The largest operator of a mid-sized tanker vessel company has vast amounts of data, a tangle of information about seafarers, incidents, inspections, and maintenance activity. Through data analytics, this data could reveal insights that would help unlock untold benefits for the business.
There are two problems that fall squarely on the shoulders of the marine human resources (HR) professional and the fleet manager that this extensive data hopes to solve:
Firstly, fleet managers need to foresee where and when a fault would happen that could lead to either personal injury or an operational incident. This could compromise the performance of the ship, which would then be placed in the red zone/danger zone if the fault is not addressed or resolved swiftly.
Secondly, the marine HR professional needs to find a perfect combination of officers to be placed in the suitable vessels at the right time to stay in a safer zone throughout their voyage and minimize any risk.
These two problems are solved using SEDGE predictive analytics.
The problem can only be solved after many measures are added to the existing data and normalization has taken place. Though machine learning (ML) will perform a pattern analysis and recognition from the historical data, the shape fed to the algorithms must be well defined. This is where most of the challenges were observed.
The data has been fed from the seafarer’s personal information, audit information, as well as inspection and incident details. Due to this diversity of data from multiple entities, we created over 80 features from the data. Some are standalone features while others have combined effects, thus enabling SEDGE to learn the pattern smoothly and predict more accurately.
Creating risk buckets for officers was the most challenging part as the weight distribution for each incident was different based on location, risk actuals, and risk severity. Manipulating maintenance activities data was another challenge in order to record all the officers performing their duty without much deviation.
The greater challenge lay in statistically determining a score that should represent an officer’s historical work. A perfect unbiased score defines an officer’s activity throughout his/her tenure in the company. The score was used to predict the officer’s and vessel’s risk profile.
Machine learning was used to solve the problem inherent with the challenges and define a threshold to assign a risk to Small/Medium/High for each officer and vessel. The solution was divided into
Data exploration and wrangling
The operational and personal incidents of each data were recorded independently.
The penalization of officers depended on their different scores earned over time, making the model learn and predict officer's profiles efficiently. Also, a lot of SQL and Transformation functions were applied to create variables needed for the model.

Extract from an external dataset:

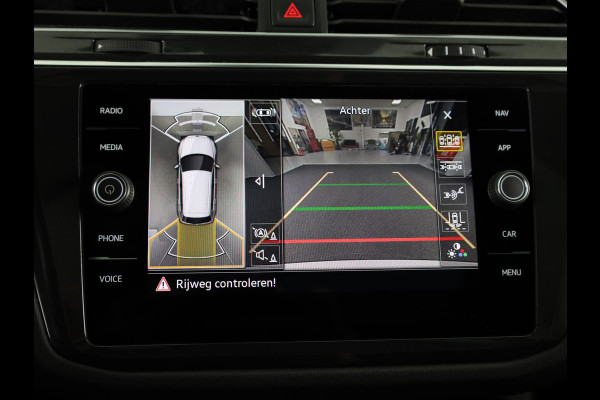 Volkswagen Tiguan 1.4 TSI eHybrid R-Line Business 245 pk Automaat (DSG) | Navigatie | Panoramadak | Parkeersensoren (Park assist) | Rondomzicht camera | Lederen bekleding | Elektr. voorstoelen met geheugen | Black Style pakket | R-Line |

We combined the data into a single master table after applying data wrangling techniques because the data was sourced from multiple APIs. Then, we represented the data visually to better understand the patterns and trends using multiple variables. It was observed that the risk events did not follow any trends over time.
However, we also visually explored some unexplainable patterns. For example, we explored if there was a particular day of the week on which more incidents happened. To do this, we took data spanning eight years and added day-related variables [Incident day, month, year, weekday, or weekend, and so] to the machine learning model.
An Incident can be low-risk or high-risk based on what kind of failure took place.
From data visualization, it was found that the high-risk events were minor. Subsequently, we focused more on reducing the “loss time injury” and “fatalities” by using machine learning models, as this will have a great impact over time. As per this data, we tuned and balanced the model so that the model would not be biased towards the majority class of low-risk events.
Data was used to create over 80+ new features. We ran several machine learning models to extract the best features which defined whether an officer is a high-risk or low-risk person [Officer’s profile]. A feature extraction mechanism was applied, and the variables that played an essential role in predicting an office profile were identified. For example, safety scores, experience, age, maintenance score, and compliance scores are the top five features that decide an officer’s profile.
Once the first ML model identified the officer’s profile, the subsequent ML model provided the probabilities of the vessel’s risk. This was based on:
A combination of officer’s profiles
The vessel’s information
After careful exploration and visualization, predictive models were built for the data with a wide variety of hyperparameters. These would work for current and future delta records.
Finally, state-of-the-art ML learning algorithms were used to define an officer profile and a combination of such officers with vessel data. This was fed to the model to decide a vessel’s profile or risk probability.
Below are the features that played an influential role in predicting a vessel’s risk probability.
* Note in the above graph: CE- Chief engineer, CO-Chief Officer, Inc- Incident, Cum-Cumulative
The application assists Marine HR teams in deploying the top four ranked officers to board the vessels. In addition, SEDGE facilitates the fleet manager to proactively manage or avert any potential risk by providing leading indicators. This analytical solution from SEDGE is an industry-leading risk management solution to enhance crew safety and operational reliability.